Tattoo on the guard of health: German scientists have created biosensory tattoosPictolic
Tattoos may soon become a means to achieve new goals. What was widely used for self-expression will now help patients and doctors monitor chronic diseases in real time.
Scientists from the University of Munich have developed dyes for subcutaneous drawings that change color depending on the level of various substances in the body. This will allow people to quickly identify negative changes in health and take action.
As technology evolves, scientists are putting forward new brilliant ideas about how best to track health status. One of these ideas is biosensory tattoos, which change color depending on the level of glucose, pH and albumin in the body. They will allow you to monitor the course of diseases such as diabetes in real time.
Today, many people make tattoos by applying some important images to their bodies. Tattoos have already become a separate genre of art, but the technological progress of the XXI century has raised their level even higher: soon we will have biosensory tattoos used for medical purposes.
A team of scientists led by chemist Ali Yetisen from the Technical University of Munich (TUM) has developed a "subcutaneous" tattoo technology that is able to react and change its color when glucose, albumin and pH levels change. The study is reported in the Angewandte Chemie International Edition.
Scientists have developed dermal sensors that can replace tattoo ink and change their color depending on blood pH, sugar levels and albumin.
The color of tattoos made with such ink varies depending on the state of your health.
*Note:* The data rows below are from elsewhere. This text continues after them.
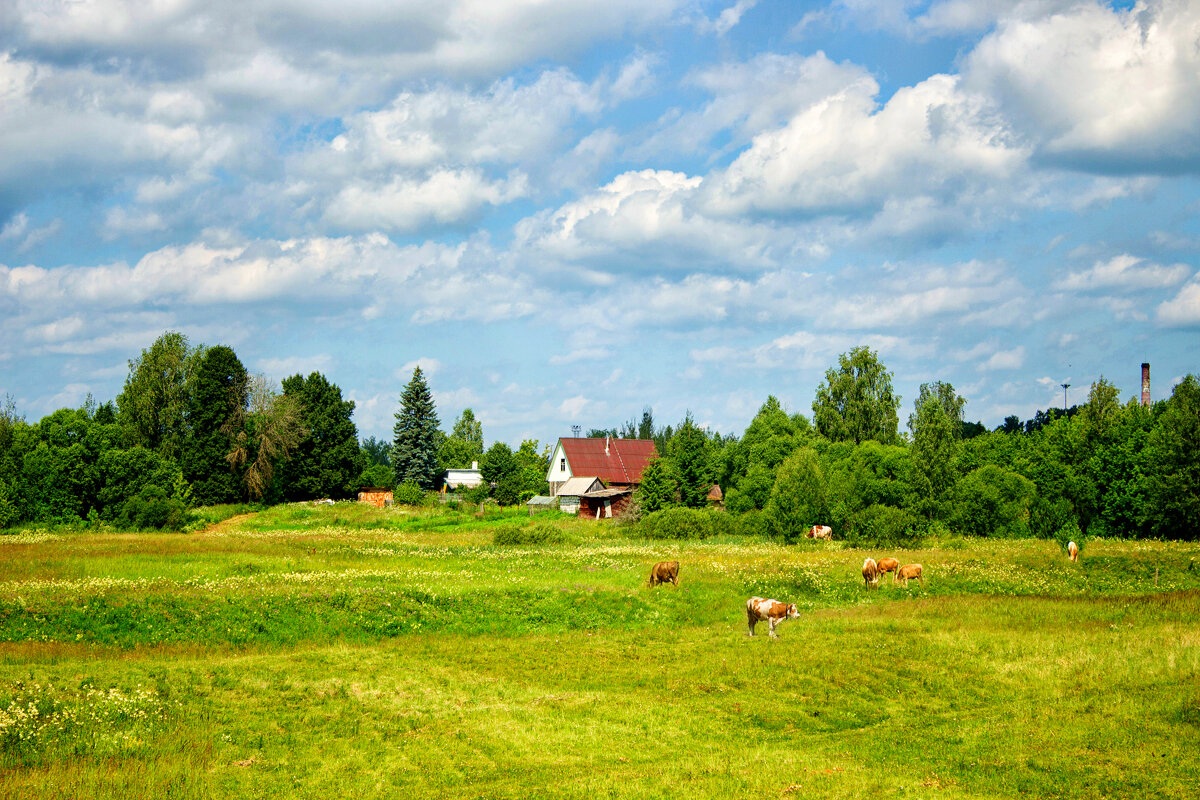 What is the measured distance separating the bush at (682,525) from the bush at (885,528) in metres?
12.2

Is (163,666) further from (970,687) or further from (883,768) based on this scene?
(970,687)

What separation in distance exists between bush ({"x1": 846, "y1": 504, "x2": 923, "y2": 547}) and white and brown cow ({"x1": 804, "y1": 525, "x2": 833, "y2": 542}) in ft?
13.8

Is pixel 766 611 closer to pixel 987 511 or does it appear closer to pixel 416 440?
pixel 987 511

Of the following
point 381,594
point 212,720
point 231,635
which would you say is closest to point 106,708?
point 212,720

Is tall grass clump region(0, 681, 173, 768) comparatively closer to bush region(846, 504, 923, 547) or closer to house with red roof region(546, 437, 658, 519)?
bush region(846, 504, 923, 547)

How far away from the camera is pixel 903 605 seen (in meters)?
30.4

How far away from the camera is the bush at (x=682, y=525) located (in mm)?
63438

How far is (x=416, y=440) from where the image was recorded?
10606 cm

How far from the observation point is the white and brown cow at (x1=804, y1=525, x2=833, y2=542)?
59.2m

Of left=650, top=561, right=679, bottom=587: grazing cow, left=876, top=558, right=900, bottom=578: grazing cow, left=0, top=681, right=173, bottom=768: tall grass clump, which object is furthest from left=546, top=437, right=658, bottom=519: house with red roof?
left=0, top=681, right=173, bottom=768: tall grass clump

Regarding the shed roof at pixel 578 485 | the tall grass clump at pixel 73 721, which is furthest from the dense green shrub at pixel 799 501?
the tall grass clump at pixel 73 721

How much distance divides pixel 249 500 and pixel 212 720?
7773cm

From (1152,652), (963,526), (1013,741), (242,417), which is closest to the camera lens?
(1013,741)

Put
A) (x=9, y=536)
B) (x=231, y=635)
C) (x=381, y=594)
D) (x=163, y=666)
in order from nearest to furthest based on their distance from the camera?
(x=163, y=666), (x=231, y=635), (x=381, y=594), (x=9, y=536) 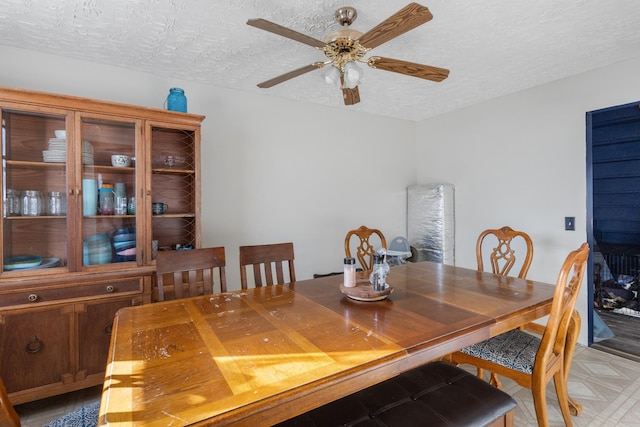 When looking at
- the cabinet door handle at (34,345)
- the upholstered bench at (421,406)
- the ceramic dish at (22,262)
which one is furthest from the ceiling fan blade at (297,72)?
the cabinet door handle at (34,345)

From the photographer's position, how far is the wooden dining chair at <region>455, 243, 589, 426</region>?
54.4 inches

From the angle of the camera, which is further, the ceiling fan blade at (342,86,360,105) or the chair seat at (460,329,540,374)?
the ceiling fan blade at (342,86,360,105)

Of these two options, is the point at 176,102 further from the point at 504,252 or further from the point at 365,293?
the point at 504,252

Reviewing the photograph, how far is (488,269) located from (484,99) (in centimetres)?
186

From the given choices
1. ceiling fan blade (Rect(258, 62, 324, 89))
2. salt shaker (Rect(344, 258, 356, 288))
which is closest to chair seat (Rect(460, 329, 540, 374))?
salt shaker (Rect(344, 258, 356, 288))

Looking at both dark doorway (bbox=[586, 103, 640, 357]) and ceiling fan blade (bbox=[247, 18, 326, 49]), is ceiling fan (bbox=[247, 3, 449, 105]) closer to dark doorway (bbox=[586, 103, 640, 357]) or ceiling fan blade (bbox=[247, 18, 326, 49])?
ceiling fan blade (bbox=[247, 18, 326, 49])

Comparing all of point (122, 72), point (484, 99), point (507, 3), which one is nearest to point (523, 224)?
point (484, 99)

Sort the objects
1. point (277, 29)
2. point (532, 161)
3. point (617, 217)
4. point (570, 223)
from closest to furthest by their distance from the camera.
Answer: point (277, 29) < point (570, 223) < point (532, 161) < point (617, 217)

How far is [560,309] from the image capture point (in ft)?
4.47

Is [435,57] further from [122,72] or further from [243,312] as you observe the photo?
[122,72]

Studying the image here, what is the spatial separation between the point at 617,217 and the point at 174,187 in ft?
16.6

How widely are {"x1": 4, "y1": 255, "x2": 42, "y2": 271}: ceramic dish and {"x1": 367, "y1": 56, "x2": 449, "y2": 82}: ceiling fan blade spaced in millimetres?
2445

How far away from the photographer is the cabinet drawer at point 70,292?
1.90 metres

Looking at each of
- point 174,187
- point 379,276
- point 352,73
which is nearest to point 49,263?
point 174,187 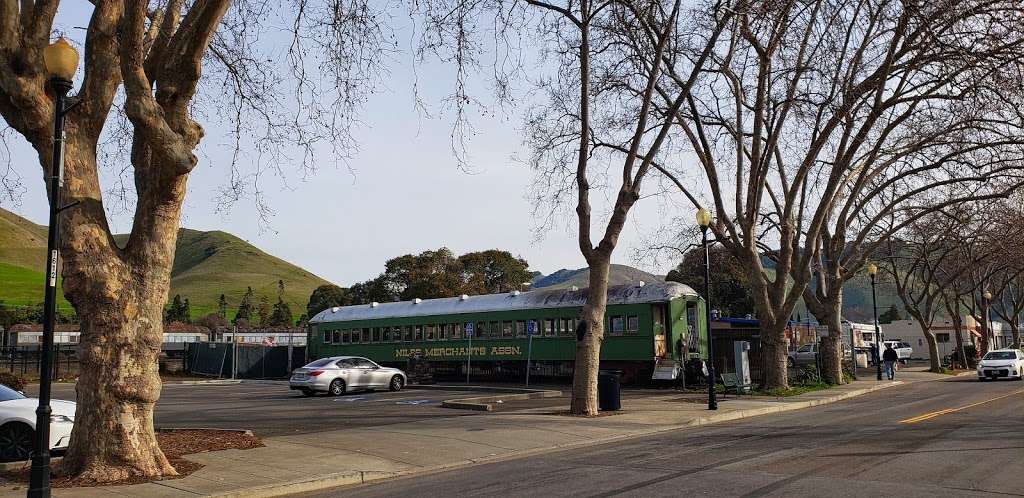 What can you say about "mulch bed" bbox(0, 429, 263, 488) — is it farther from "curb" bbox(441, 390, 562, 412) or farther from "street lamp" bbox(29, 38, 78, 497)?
"curb" bbox(441, 390, 562, 412)

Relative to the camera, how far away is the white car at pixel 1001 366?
3319 centimetres

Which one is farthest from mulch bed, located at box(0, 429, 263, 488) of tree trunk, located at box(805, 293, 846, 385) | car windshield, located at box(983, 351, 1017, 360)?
car windshield, located at box(983, 351, 1017, 360)

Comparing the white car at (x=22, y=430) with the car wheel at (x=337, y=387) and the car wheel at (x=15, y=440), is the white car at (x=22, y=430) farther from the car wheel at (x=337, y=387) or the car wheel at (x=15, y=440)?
the car wheel at (x=337, y=387)

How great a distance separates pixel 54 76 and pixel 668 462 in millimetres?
8953

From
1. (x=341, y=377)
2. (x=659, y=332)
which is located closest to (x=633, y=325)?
(x=659, y=332)

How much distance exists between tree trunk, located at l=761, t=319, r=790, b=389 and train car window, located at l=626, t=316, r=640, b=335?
4.15 m

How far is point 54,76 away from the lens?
8.68m

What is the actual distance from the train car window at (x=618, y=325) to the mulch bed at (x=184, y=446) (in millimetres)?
16292

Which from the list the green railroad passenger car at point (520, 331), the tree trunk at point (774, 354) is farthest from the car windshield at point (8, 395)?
the tree trunk at point (774, 354)

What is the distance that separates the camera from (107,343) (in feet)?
32.2

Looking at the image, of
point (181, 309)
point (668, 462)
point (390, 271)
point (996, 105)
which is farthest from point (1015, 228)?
point (181, 309)

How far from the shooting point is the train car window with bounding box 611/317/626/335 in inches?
1092

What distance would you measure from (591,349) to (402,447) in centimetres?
609

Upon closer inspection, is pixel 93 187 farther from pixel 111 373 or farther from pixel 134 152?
pixel 111 373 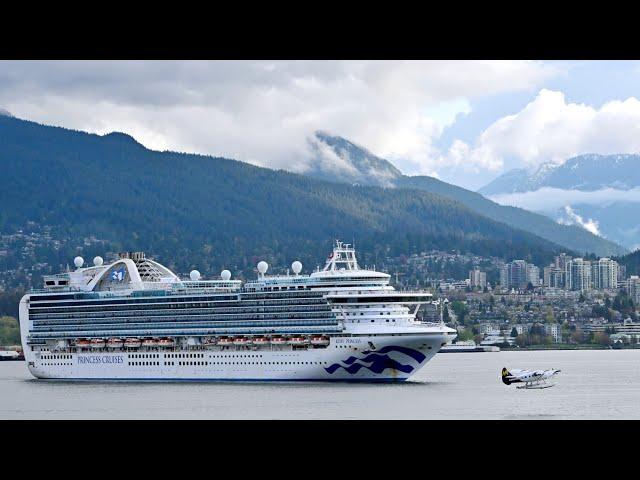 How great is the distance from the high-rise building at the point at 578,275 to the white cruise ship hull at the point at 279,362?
136 meters

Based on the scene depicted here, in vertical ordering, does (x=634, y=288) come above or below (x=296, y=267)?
above

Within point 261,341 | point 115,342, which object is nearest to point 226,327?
point 261,341

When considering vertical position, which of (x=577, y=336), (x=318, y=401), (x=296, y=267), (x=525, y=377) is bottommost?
(x=318, y=401)

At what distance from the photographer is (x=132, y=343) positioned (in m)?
59.2

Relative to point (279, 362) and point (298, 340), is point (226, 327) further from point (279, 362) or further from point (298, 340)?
point (298, 340)

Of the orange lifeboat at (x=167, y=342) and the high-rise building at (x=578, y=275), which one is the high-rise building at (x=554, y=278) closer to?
the high-rise building at (x=578, y=275)

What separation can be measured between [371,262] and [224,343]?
473ft

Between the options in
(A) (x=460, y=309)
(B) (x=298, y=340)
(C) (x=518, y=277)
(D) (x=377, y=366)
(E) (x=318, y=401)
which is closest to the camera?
(E) (x=318, y=401)

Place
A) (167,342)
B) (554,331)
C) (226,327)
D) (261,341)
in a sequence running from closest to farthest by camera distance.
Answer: (261,341), (226,327), (167,342), (554,331)

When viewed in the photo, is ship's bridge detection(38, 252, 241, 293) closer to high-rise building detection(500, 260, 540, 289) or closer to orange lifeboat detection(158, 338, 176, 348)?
orange lifeboat detection(158, 338, 176, 348)

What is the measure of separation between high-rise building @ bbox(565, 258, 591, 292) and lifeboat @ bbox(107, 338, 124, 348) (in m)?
135

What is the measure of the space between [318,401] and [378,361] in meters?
8.65

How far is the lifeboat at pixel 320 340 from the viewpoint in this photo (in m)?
52.0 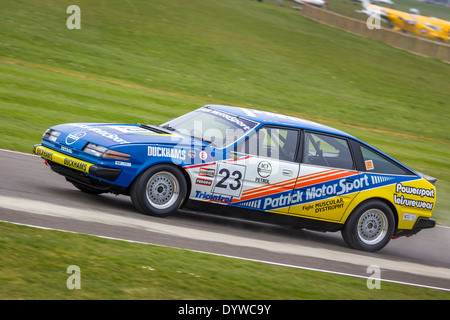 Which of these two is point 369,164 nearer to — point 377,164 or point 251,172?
point 377,164

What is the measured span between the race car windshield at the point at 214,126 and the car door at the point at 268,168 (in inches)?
7.4

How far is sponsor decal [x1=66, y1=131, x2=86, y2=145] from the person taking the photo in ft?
27.6

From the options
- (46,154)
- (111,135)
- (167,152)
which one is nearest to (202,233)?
(167,152)

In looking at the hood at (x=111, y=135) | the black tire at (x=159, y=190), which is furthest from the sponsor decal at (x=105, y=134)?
the black tire at (x=159, y=190)

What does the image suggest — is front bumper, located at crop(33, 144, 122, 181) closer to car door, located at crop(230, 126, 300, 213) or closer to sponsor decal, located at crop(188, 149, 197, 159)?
sponsor decal, located at crop(188, 149, 197, 159)

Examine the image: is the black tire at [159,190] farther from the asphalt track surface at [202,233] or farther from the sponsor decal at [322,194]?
the sponsor decal at [322,194]

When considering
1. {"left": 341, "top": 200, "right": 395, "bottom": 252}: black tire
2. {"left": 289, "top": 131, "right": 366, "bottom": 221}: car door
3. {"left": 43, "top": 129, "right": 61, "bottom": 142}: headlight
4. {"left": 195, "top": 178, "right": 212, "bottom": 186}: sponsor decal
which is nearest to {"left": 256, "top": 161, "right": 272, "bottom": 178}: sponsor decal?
{"left": 289, "top": 131, "right": 366, "bottom": 221}: car door

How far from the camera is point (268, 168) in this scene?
8.85m

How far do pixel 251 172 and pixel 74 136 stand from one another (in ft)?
7.77

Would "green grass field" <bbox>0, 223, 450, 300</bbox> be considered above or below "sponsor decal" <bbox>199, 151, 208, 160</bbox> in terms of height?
below

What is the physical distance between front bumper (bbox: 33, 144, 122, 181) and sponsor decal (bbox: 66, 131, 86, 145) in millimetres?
197

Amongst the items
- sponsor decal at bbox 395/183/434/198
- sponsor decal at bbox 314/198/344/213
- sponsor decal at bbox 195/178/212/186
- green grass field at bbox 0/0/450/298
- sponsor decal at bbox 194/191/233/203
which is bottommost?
sponsor decal at bbox 314/198/344/213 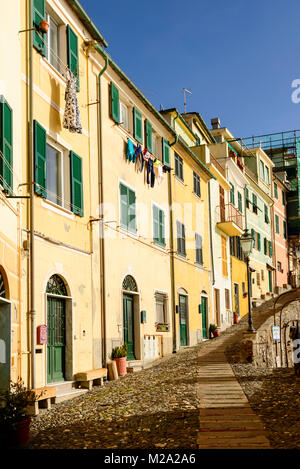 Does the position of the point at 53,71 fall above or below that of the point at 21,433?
above

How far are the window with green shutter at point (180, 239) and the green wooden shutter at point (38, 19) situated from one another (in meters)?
10.2

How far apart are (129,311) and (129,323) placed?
338 millimetres

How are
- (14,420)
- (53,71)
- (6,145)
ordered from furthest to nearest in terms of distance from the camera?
(53,71) < (6,145) < (14,420)

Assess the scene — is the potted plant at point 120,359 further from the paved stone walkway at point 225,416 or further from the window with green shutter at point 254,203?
the window with green shutter at point 254,203

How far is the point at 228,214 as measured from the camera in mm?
28797

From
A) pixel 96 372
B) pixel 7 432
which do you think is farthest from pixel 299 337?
pixel 7 432

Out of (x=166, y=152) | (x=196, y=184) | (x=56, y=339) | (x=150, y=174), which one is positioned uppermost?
(x=166, y=152)

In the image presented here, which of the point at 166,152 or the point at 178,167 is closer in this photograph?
the point at 166,152

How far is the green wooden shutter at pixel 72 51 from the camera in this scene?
1317 centimetres

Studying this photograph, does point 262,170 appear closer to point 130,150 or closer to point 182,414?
point 130,150

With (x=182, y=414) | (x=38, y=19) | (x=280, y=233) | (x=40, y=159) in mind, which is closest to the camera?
(x=182, y=414)

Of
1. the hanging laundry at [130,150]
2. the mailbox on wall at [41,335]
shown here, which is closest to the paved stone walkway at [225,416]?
the mailbox on wall at [41,335]

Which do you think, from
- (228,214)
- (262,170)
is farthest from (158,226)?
(262,170)

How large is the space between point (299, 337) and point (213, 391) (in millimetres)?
3092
This allows you to monitor the patient's condition without having to constantly take blood samples.
To signal a change in albumin, a yellow dye was chosen, which changes color to green. To create a glucose indicator, the researchers used glucose oxidase reactions – when the concentration fluctuates in the pigment, structural changes occur and the color ranges from yellow to dark green. A tattoo with a pH reagent changes its color from yellow to blue.
The development can be very useful for people who constantly have to take blood samples — for example, with diabetes or kidney diseases.
A little earlier, scientists from the Massachusetts Institute of Technology and Harvard developed a similar technology. They called their project Dermal Abyss.
And they experimented by creating tattoo ink with biosensors. The idea was similar: the color of the ink had to change according to the pH levels of the blood.
The new technology is still being tested on pig skin, but the results are positive.
Now the tattoo involves damage to the epidermis (necessary for the introduction of pigment into the skin), which causes patients to be unwilling to use them. Therefore, scientists assume that over time, the pigment can be injected through electric or laser-induced shock waves, without harming the epidermis.
We hope that soon the development will be recognized as safe for humans and will make the life of many people much easier.